Top of Provided data

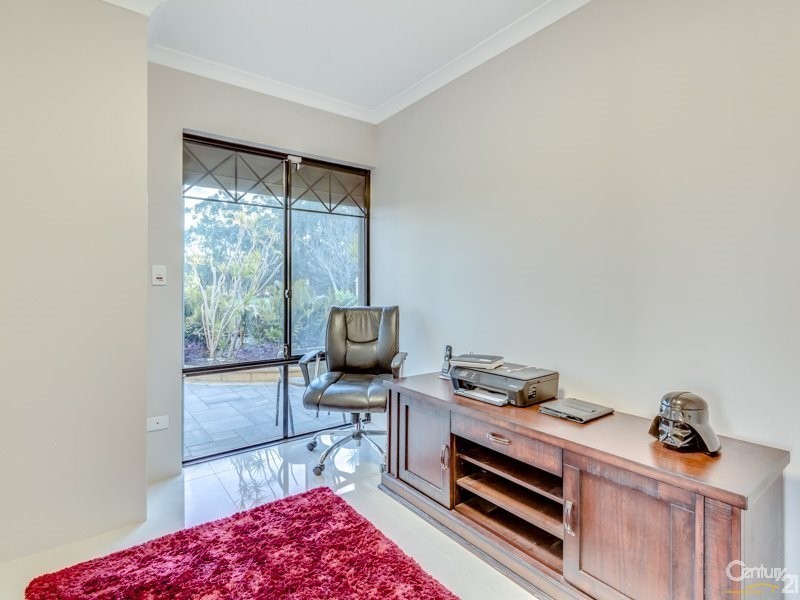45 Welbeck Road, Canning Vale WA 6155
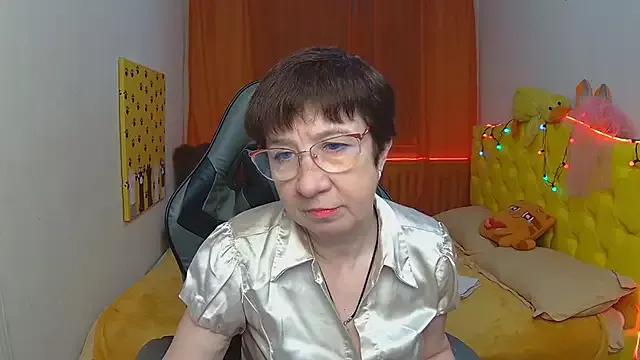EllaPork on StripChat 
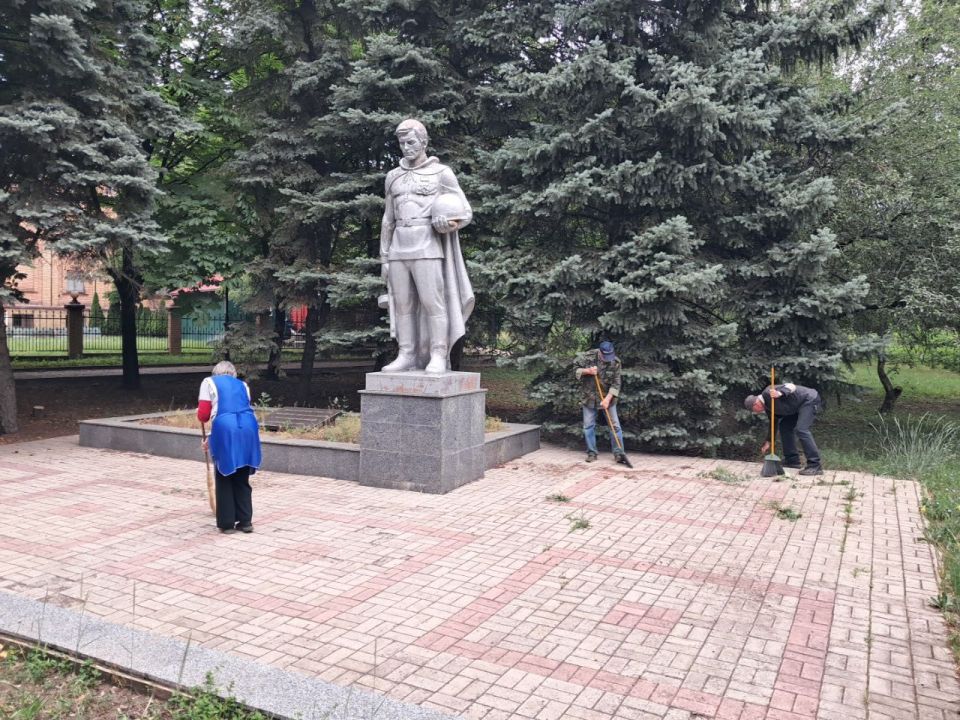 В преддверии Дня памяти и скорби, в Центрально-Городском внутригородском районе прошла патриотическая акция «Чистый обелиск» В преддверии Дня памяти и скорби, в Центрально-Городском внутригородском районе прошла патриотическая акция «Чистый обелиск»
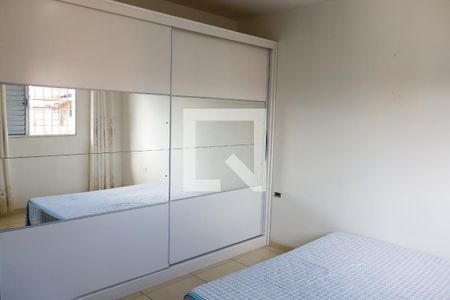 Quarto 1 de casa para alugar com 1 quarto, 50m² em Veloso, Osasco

Bottom of Provided data

Without any pictures, print the whole listing again exactly as it stands.

45 Welbeck Road, Canning Vale WA 6155
EllaPork on StripChat 
 В преддверии Дня памяти и скорби, в Центрально-Городском внутригородском районе прошла патриотическая акция «Чистый обелиск» В преддверии Дня памяти и скорби, в Центрально-Городском внутригородском районе прошла патриотическая акция «Чистый обелиск»
 Quarto 1 de casa para alugar com 1 quarto, 50m² em Veloso, Osasco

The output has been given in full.